Lookaround assertions are zero-width patterns which match a specific pattern without including it in $&. Positive assertions match when their subpattern matches, negative assertions match when their subpattern fails. Lookbehind matches text up to the current match position, lookahead matches text following the current match position.
The one (?!...) is a negative lookahead assertion.
The $& var doesn’t really matter outside of Perl. It contains the text of the pattern you just matched, but even within Perl, capture groups are preferred. Using it at all also slows down your program every time a new regex is hit, which is especially bad in long running web server environments.
What really matters is that the lookaheads don’t consume any text. In other words, the pointer that shows where in the text we are doesn’t increment; once we’re outside of the lookahead, we’re still right back in the same place.
So let’s break this down using the /x modifier to make it somewhat sane.
/^
(?!.*\s) # no whitespace allowed
(?=.{8,256}$)# between 8 and 256 characters (the '$' here indicating the end of the string)
(?=.*[a-z]) # has to be a lowercase ASCII alphabet somewhere
(?=.*[A-Z]) # has to be an uppercase ASCII alphabet somewhere
( # need a number, or a list of special chars on a US keyboard
(?=.*[0-9])
| (?=.*[~!@#$%^&*()-=_+[\]{}|;:,./<>?])
)
.* # consumes the whole string$/x
Notes:
Doesn’t make any allowances for non-English charecters, or even non-US characters (like the “£” character in the UK)
There’s a whole slew of utf8 characters out there that you should let through
There’s no reason to deny whitespace; let people use passphrases if they want (but then, you also don’t want to block those people for not using symbols)
Putting a limit at 256 is questionable, but may not necessarily be wrong
That last one has some nuance. We often say you shouldn’t put any upper limit, but that’s generally not true in the real world. You don’t want someone flooding an indefinite amount of data into any field, password or not. A large limit like this is defensible.
Also, lots of devs are surprised to learn that bcrypt and scrypt have a length limit of 72 bytes. A way around this is to run your input through SHA256 before giving it to bcrypt or scrypt.
I don’t see a reason to limit the length as long as the password hash can handle large values. I am green when it comes to the inner workings of password hashing, so I may be wrong.
Being able to handle it, and being able to handle it efficiently enough are two very distinct things. The hash method might be able to handle long strings, but it might take several seconds/minutes to process them, slowing down the application significantly. Imagine a malicious user being able to set a password with millions (or billions!) of characters.

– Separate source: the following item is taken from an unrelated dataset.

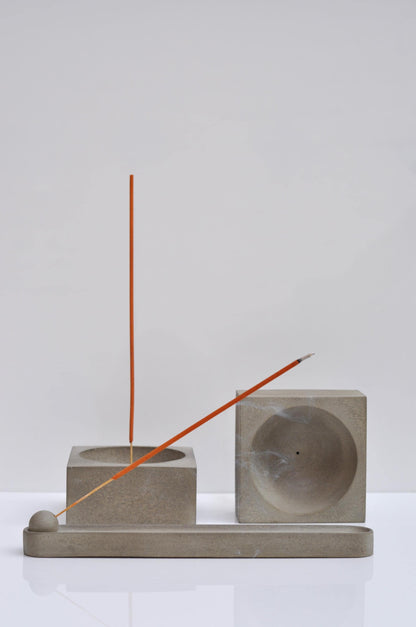 Concrete incense burner | Cement Josticks Holder | Beton Home Decor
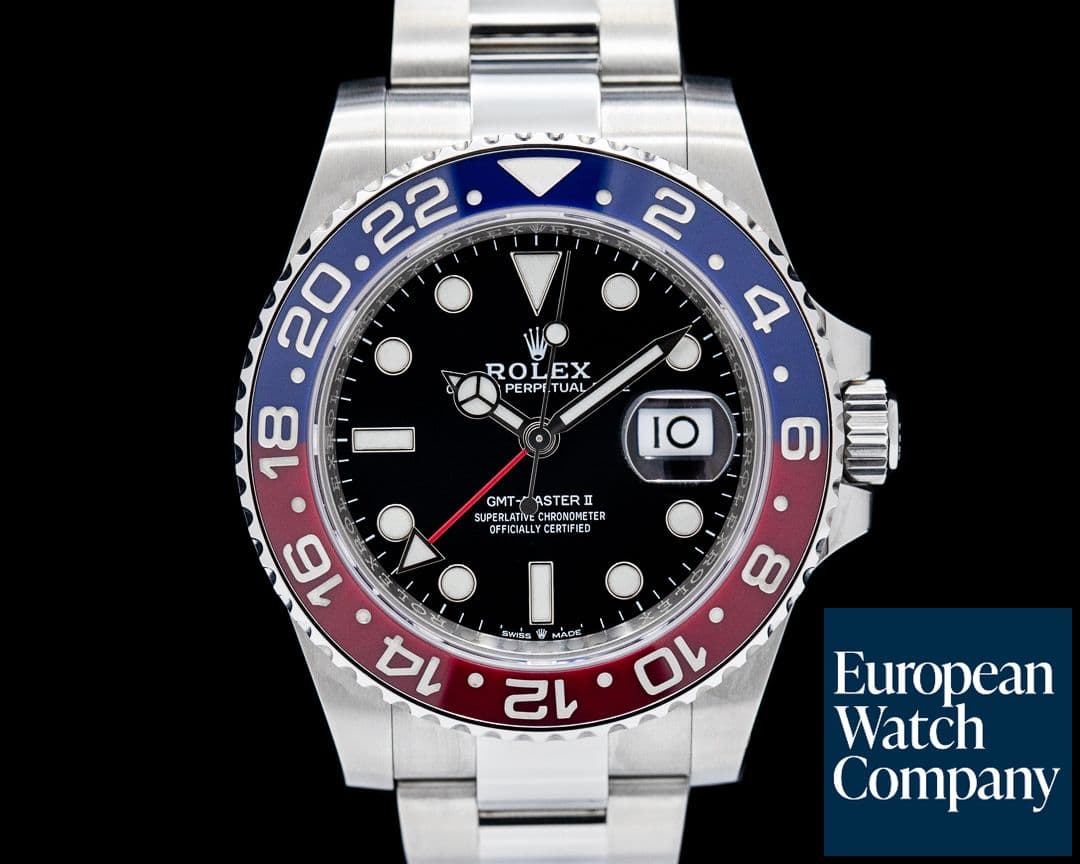 Image of Rolex GMT Master II Ceramic 126710BLRO "Pepsi" SS / Oyster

Therefore, restricting it to a small, but still sufficiently big, number of characters might help prevent DoS-attacks without any notable reduction in security for regular users.
Honestly, white space is a character, and adds extra entropy to passwords. I do not understand why people do not want to promote using white space in passwords/passphrases. If I’m missing something intrinsically bad about white space in passwords, I’d love to know.
Those
(?=...)
bits are positive lookahead assertion:The one
(?!...)
is a negative lookahead assertion.The
$&
var doesn’t really matter outside of Perl. It contains the text of the pattern you just matched, but even within Perl, capture groups are preferred. Using it at all also slows down your program every time a new regex is hit, which is especially bad in long running web server environments.What really matters is that the lookaheads don’t consume any text. In other words, the pointer that shows where in the text we are doesn’t increment; once we’re outside of the lookahead, we’re still right back in the same place.
So let’s break this down using the
/x
modifier to make it somewhat sane./^ (?!.*\s) # no whitespace allowed (?=.{8,256}$) # between 8 and 256 characters (the '$' here indicating the end of the string) (?=.*[a-z]) # has to be a lowercase ASCII alphabet somewhere (?=.*[A-Z]) # has to be an uppercase ASCII alphabet somewhere ( # need a number, or a list of special chars on a US keyboard (?=.*[0-9]) | (?=.*[~!@#$%^&*()-=_+[\]{}|;:,./<>?]) ) .* # consumes the whole string $/x
Notes:
That last one has some nuance. We often say you shouldn’t put any upper limit, but that’s generally not true in the real world. You don’t want someone flooding an indefinite amount of data into any field, password or not. A large limit like this is defensible.
Also, lots of devs are surprised to learn that bcrypt and scrypt have a length limit of 72 bytes. A way around this is to run your input through SHA256 before giving it to bcrypt or scrypt.
I don’t see a reason to limit the length as long as the password hash can handle large values. I am green when it comes to the inner workings of password hashing, so I may be wrong.
Being able to handle it, and being able to handle it efficiently enough are two very distinct things. The hash method might be able to handle long strings, but it might take several seconds/minutes to process them, slowing down the application significantly. Imagine a malicious user being able to set a password with millions (or billions!) of characters.
Therefore, restricting it to a small, but still sufficiently big, number of characters might help prevent DoS-attacks without any notable reduction in security for regular users.
Nerd!
As someone who spent many years as a Perl developer, I immediately recognized the incantations to the regex gods of old, heh. Great explanation!
Honestly, white space is a character, and adds extra entropy to passwords. I do not understand why people do not want to promote using white space in passwords/passphrases. If I’m missing something intrinsically bad about white space in passwords, I’d love to know.
You’re right on. As long as you’re otherwise following best practices for storing passwords, there’s no downside.
But but but if I add it to the queryparams for my rest endpoint the space will break my URL!
Always urlencode your passwords!
Wait, that doesn’t seem right…